In 09/99, I leased my house to a military family. First the wife wrote a check for the rent that was returned NSF. We collected funds due, but two months later they bounced another check, which is still delinquent. Our situation and theirs at the time both family where relocating. A lease was (generic lease received by United States Army Housing Authority on Fort Bragg) signed with her husbands signature and mine. With all the restructuring that is dealt with relocating we now finally have the time next week to travel to North Carolina to file charges against the couple. Will file a complaint is for breaking lease agreement terms four months into lease and to collect on debit of written check.

My first question the lease that we signed was not notarized. Will this pose as a major problem? I was able to rent to others in April but I feel that couple still owes for December - March. What other forms of payment my law, such as expenses and interest entitles me to? We are also considering going to JAG (military judicatory) to file claim, since my husband is still military service related. Since our countless attempts to contact his Commander regarding this matter has failed.

Asked on 3/25/01, 11:51 pm

1 Answer from Attorneys

Lawrence Holzman Holzman Law Firm, LLC

Re: Military Family Jumps Lease for on Post Housing

I'm not sure which jurisdiction you are referring to here? If the home that you rented is not located in Maryland, I cannot give an opinion as that is where I am licensed to practice.

If it is located in Maryland, I can say that the issue of a notary will not be relevant unless there is a question about the authenticity of the signature. That's the point of a notary, he/she authenticates that he/she saw the actual person sign the document. However, if the person does not contest the validity of the signature, such is not an issue.
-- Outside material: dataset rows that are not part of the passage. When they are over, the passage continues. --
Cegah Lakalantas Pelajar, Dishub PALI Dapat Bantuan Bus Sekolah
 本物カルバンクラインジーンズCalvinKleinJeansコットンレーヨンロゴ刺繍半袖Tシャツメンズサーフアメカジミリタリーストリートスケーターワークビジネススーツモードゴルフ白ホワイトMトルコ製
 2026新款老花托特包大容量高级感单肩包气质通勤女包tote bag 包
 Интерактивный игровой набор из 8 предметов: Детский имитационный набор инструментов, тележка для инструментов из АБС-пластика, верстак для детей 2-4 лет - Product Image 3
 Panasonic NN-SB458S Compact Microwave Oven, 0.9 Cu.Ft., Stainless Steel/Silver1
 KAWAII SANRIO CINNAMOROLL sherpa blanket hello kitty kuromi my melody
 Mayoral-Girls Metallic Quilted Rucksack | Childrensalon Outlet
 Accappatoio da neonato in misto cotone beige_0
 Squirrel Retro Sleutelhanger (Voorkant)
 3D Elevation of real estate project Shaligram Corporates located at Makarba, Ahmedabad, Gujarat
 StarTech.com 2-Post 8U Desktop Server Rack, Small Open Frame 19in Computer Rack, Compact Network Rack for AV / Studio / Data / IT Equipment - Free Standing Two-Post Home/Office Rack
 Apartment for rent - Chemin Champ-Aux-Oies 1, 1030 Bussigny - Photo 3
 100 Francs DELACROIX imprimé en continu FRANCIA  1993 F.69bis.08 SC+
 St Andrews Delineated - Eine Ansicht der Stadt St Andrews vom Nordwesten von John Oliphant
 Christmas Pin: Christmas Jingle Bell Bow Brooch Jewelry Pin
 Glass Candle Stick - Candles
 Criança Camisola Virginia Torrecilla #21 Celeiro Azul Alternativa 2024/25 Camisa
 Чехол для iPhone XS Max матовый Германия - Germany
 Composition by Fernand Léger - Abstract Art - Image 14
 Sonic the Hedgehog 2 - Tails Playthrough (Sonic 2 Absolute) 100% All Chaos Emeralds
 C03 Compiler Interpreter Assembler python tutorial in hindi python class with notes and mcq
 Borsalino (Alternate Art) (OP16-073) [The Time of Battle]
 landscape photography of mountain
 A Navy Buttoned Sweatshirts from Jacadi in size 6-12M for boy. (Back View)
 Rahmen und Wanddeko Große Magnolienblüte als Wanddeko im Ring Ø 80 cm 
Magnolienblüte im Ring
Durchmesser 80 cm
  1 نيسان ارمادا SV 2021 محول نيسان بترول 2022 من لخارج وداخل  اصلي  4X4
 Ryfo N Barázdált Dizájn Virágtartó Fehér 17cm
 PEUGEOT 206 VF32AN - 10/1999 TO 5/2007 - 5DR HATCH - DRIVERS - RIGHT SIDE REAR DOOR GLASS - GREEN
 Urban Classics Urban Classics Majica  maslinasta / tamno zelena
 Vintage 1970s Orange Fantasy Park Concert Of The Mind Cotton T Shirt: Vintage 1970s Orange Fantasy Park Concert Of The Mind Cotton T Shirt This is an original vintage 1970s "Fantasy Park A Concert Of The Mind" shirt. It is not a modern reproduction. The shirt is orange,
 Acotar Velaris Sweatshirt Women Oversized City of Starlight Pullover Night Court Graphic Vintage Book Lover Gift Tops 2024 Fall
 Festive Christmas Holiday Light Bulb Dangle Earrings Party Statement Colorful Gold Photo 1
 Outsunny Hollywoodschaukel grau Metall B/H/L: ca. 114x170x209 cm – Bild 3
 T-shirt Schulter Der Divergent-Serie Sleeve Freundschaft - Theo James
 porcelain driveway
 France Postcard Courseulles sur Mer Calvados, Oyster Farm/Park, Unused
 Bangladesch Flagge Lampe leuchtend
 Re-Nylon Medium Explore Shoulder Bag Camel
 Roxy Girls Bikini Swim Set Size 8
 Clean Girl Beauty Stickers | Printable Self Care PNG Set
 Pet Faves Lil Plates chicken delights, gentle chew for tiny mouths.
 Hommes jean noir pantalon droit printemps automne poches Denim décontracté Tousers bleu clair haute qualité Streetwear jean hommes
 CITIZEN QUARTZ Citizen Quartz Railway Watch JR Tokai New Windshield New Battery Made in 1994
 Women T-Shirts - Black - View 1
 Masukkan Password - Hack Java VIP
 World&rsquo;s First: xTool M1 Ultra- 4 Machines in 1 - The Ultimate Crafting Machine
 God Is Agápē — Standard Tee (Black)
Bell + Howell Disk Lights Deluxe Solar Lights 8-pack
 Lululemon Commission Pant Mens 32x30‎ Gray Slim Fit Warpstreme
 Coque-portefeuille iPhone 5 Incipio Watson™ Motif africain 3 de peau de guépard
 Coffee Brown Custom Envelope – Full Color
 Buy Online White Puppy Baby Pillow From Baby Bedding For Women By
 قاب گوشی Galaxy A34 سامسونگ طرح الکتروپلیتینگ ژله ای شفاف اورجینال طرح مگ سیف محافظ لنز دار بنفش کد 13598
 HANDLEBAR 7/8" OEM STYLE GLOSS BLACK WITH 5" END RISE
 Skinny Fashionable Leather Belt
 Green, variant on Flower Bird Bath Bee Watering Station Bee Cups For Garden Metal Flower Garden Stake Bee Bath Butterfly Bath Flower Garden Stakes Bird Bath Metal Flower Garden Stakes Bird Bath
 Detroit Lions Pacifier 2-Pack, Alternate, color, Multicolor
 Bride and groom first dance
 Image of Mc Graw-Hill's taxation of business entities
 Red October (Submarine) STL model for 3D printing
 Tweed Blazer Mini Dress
If they do contest the signature, it can still be proven by other means such as expert testimony of a handwriting analyst (though that might be unduly costly for your case). Likewise, if someone saw him/her sign the document, their testimony could prove the authenticity of the signature.

Good luck in your efforts.

Lawrence R. Holzman, Esquire

Joseph, Greenwald & Laake, P.A.

6404 Ivy Lane, Suite 400

Greenbelt, MD 20770

(301) 220-2200

fax (301) 220-1214

Disclaimer: Please note that the posting of this response is not intended to constitute legal advice. You should contact an attorney to obtain information applicable to your situation. This posting is not confidential or privileged and does not create an attorney/client relationship.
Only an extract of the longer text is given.